An individual with Wernicke-Korsakoff syndrome will usually present with (1) ocular disturbances which may include diplopia, painless vision loss, or strabismus, (2) gait abnormalities that include a wide-based, short-stepped gait and an inability to stand or ambulate without assistance, and (3) mental status changes that include apathy, paucity of speech, and indifference to the environment. As the disorder progresses, other symptoms that may develop include agitation, anger, hallucinations, and confabulations.
The diagnosis of Wernicke-Korsakoff syndrome is made by the history and clinical findings supplemented with lab studies showing thiamine deficiency. Treatment aims to prevent the disorder from getting worse. One should maintain a high level of suspicion for thiamine deficiency to avoid precipitation of severe symptoms of Wernicke-Korsakoff syndrome. Prophylactic thiamine administration is relatively safe and should be started even if the diagnosis has not been confirmed.
Unfortunately, unlike Wernicke encephalopathy, Wernicke-Korsakoff syndrome is a long-term disorder which is often progressive. It is very rare for the individual with Wernicke-Korsakoff syndrome to recover fully even with aggressive treatment. After thiamine treatment, the symptoms of encephalopathy will improve in 5 to 12 days. The patient should be offered oral thiamine and consulted for rehabilitation and treatment of other comorbid conditions. Most patients with Wernicke-Korsakoff syndrome need long-term care in a chronic care facility. Their prognosis is guarded.
The differential diagnosis includes the following:
Approximately 25% of patients with Wernicke-Korsakoff syndrome require long-term institutionalization. Patients depending on long-term care often have one or more comorbidity (somatic and psychiatric).
Mental Status Complications
Global confusional often resolves gradually after treatment.
If an amnestic deficit is present, it may manifest as the signs of apathy and global confusion resolve.

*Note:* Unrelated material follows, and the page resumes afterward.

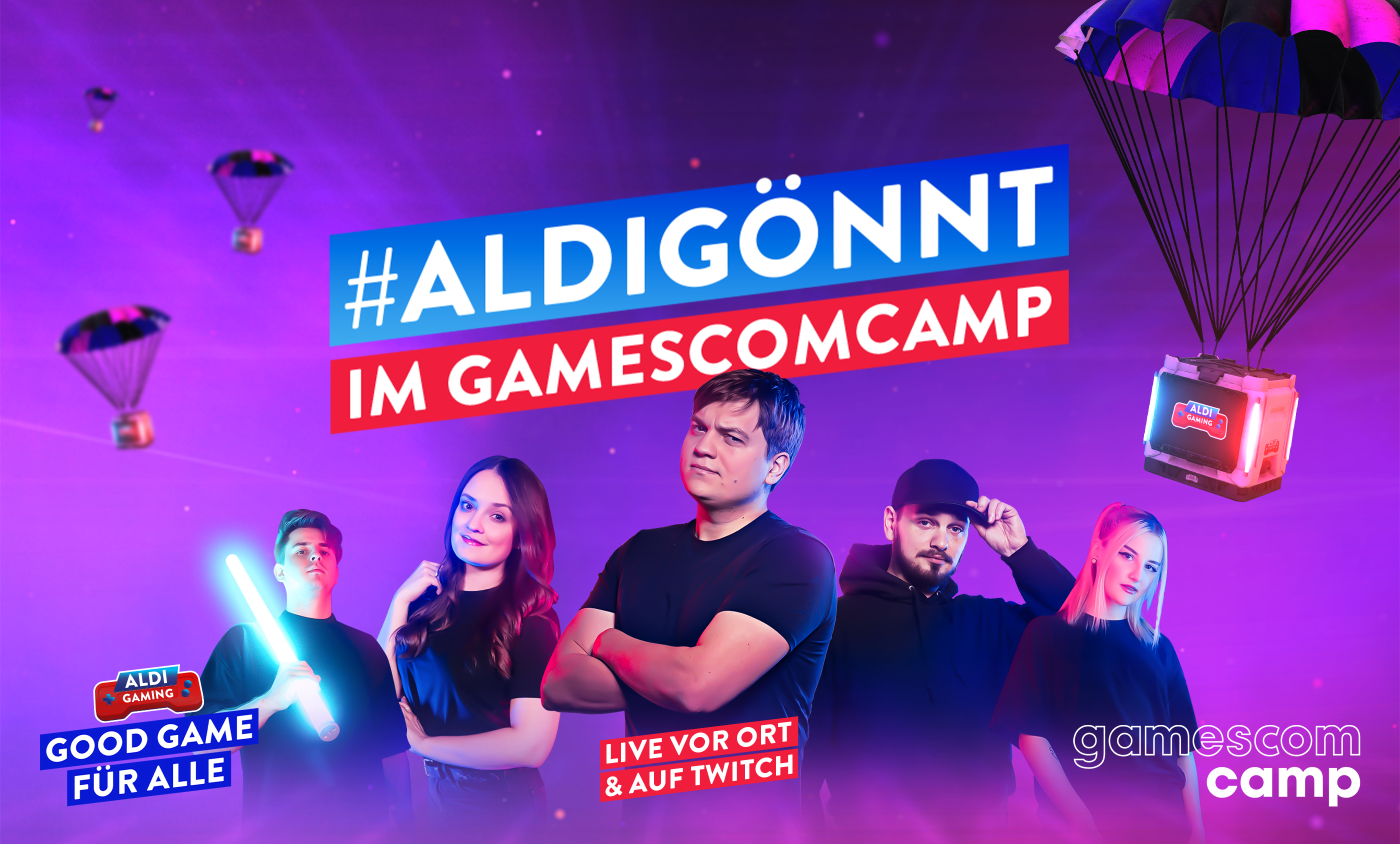 Aldo auf dem Gamescom Camp #aldigönnt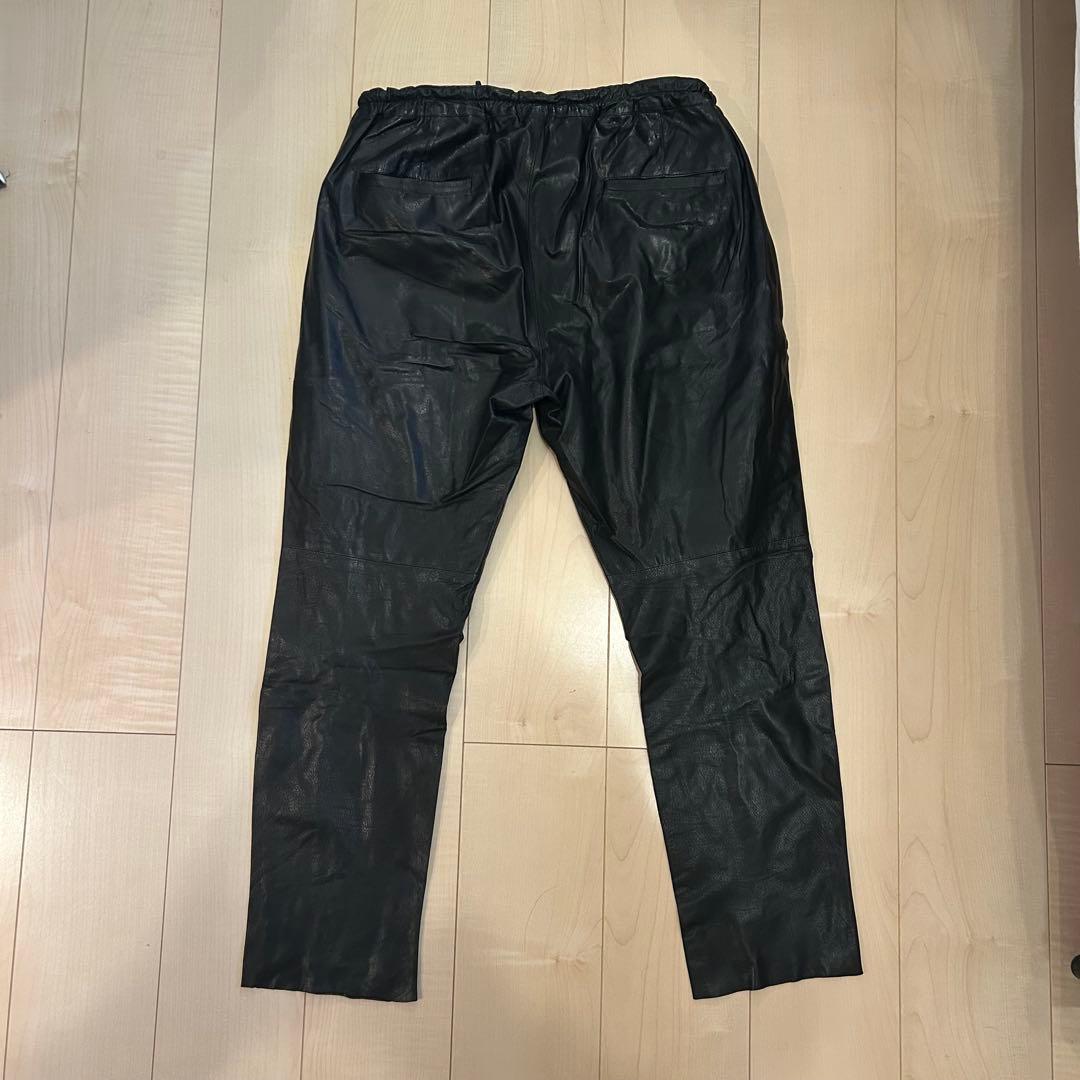【UNUSED】希少レザーパンツ　サイズ3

One in five patients who demonstrate signs of the amnestic state after treatment has been initiated will have a complete with most patients having varying degrees of persistent learning and memory impairment.

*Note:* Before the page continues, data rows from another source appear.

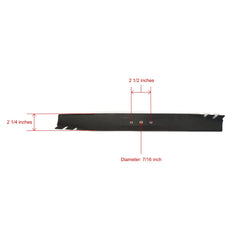 Toro mounting holes detail showing exact hole sizes for secure fit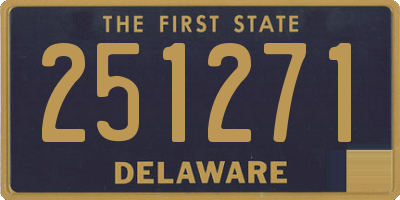 DE license plate 251271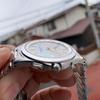 Used Citizen Exceed Mother-of-pearl Radio Wave Solar Beautiful Used Condition Titanium Duratect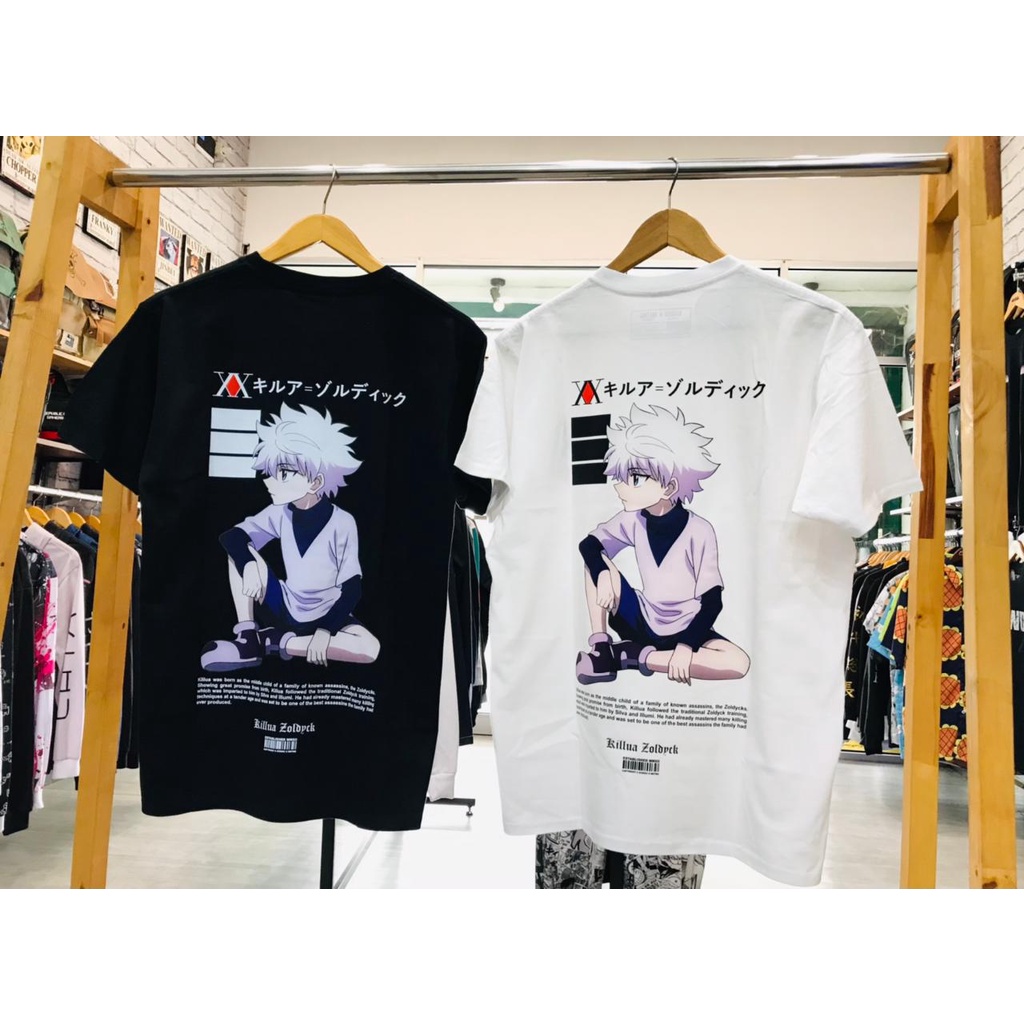 Kaos Killua Zoldyck Fear Hunter X Hunter Anime Manga Premium Unisex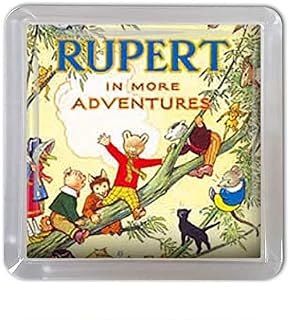 Rupert Bear coaster Vintage rupert bear images handmade unique gift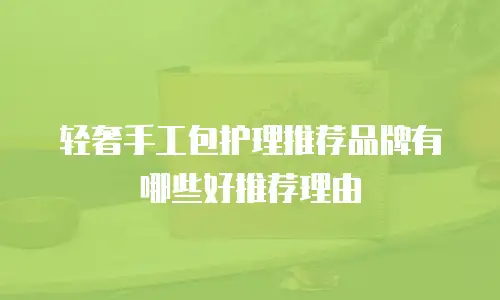 轻奢手工包护理推荐品牌有哪些好推荐理由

Maximum recovery may take years and depends on abstinence from alcohol.
Once patients with Korsakoff psychosis have recovered, they do not demand alcohol, but they will accept it if offered.
Approximately half of the patients recover completely from ataxic symptoms, and the other half have incomplete recovery, with a residual slow, shuffling, wide-based gait and the inability to tandem walk.
Vestibular dysfunction also improves about half the time.
Patients who recover do so in a particular sequence.
Improvement of ocular abnormalities is the most dramatic, usually occurring within hours of thiamine administration.
Failure of ocular abnormalities to respond to thiamine should raise doubt as to the diagnosis.
Vertical nystagmus may persist for months.
Fine horizontal nystagmus can persist indefinitely, but patients completely recover from sixth nerve palsies, ptosis, and vertical-gaze palsies.
Mortality may occur secondary to infections and hepatic failure, but some deaths are attributable to defects of prolonged thiamine deficiency.
The mortality rate is 10-15% in severe cases.
Prognosis depends on the stage of disease at presentation and time of treatment.
Korsakoff syndrome often follows or accompanies Wernicke encephalopathy.
To reduce the risk of Wernicke-Korsakoff syndrome, limit the intake of alcohol and ensure that proper nutrition needs are met.